If there is no voltage, check for a loose connection where it connects to the controller.
2.If there is 120 volts to the controller, check for loose connections or a locked rotor. If the rotor cannot be freed the motor and blower assembly must be replaced.
MOTOR RUNS, PREPURGE TIME ELAPSES BUT MAIN
FLAME NOT ESTABLISHED.
1.Check to see if main manual gas valve is open.
2.Check for a loose connection at the transformer, or a defective transformer.
3.Check for a loose connection at the gas valve.
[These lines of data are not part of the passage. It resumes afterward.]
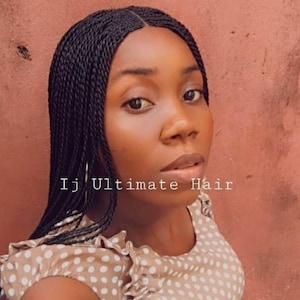 Peluca trenzada ligera de trenzas africanas, hecha a mano con microtorsión. Pelucas trenzadas para mujeres negras. Trenza senegalesa con frontal de pelo de bebé.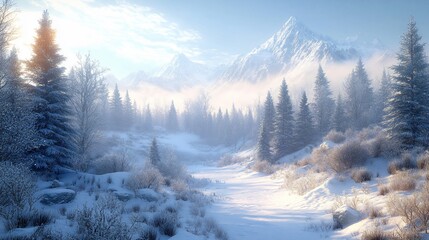 peaceful winter landscape with mountains and pine trees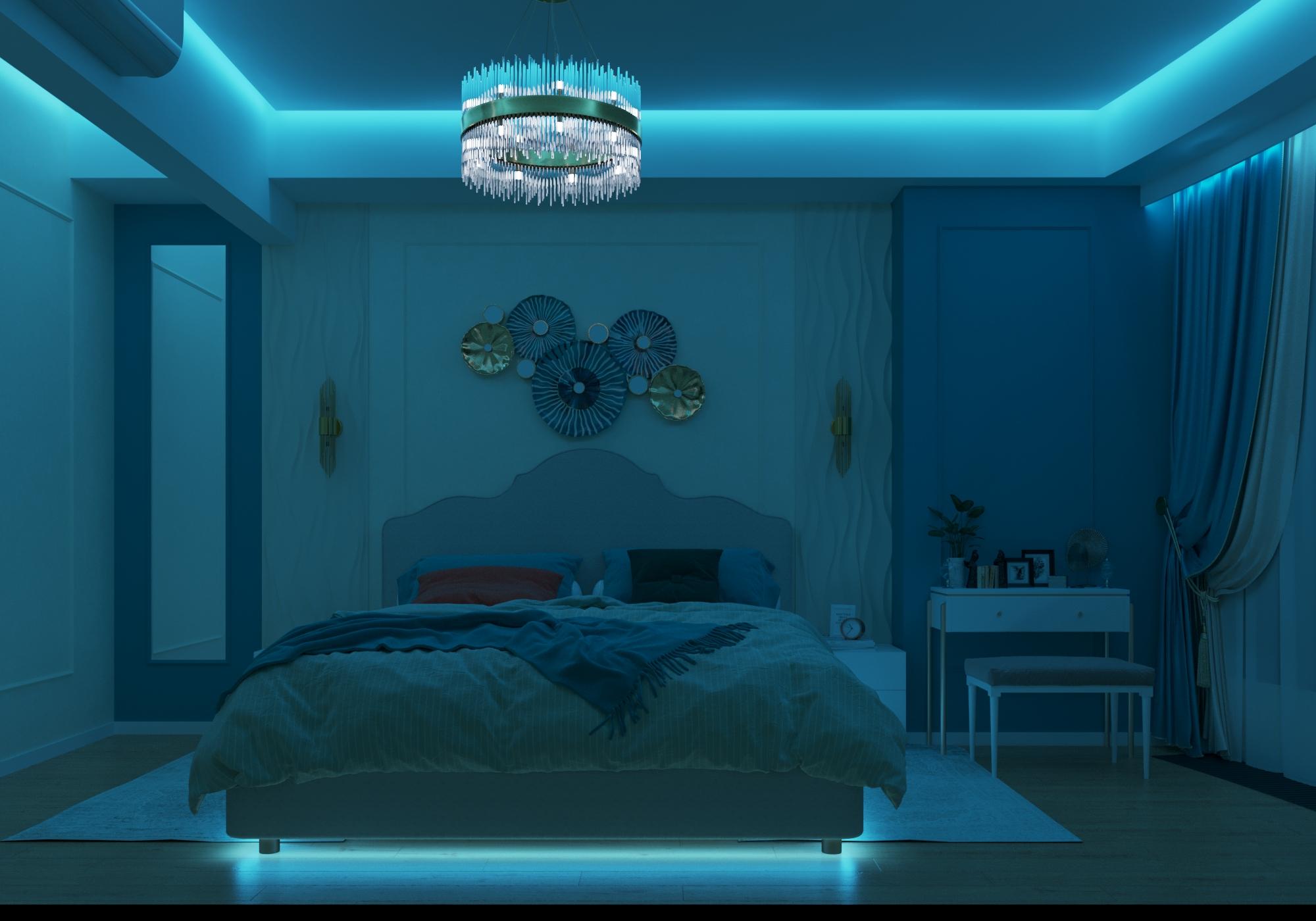 Интерьер спальни cветовыми линиями, рейками с подсветкой, подсветкой настенной, подсветкой светодиодной и с подсветкой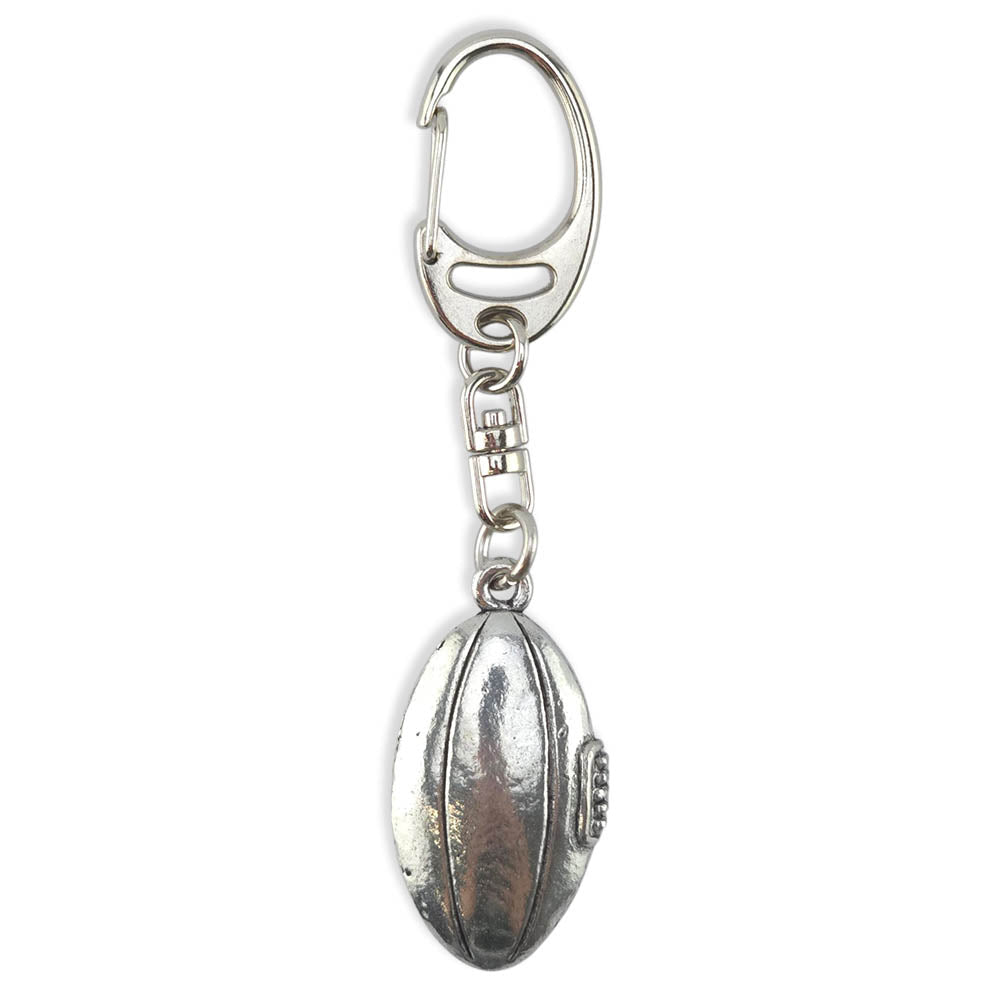 Rugby Ball | Chunky English Pewter 3D Keyring | Little Gift | Cracker Filler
4.Check for open pressure switches or open reset button. Check for blockage in the intake and exhaust venting or at the vent hoods. If no blockage is found, check vinyl tubing for cuts or crimps. If this tubing is damaged it must be replaced. If these steps do not eliminate the problem, replace the pressure switches.
5.Check to see if there is resistance across the igniter terminal with an OHM meter. If there is no continuity, the igniter is broken and should be replaced.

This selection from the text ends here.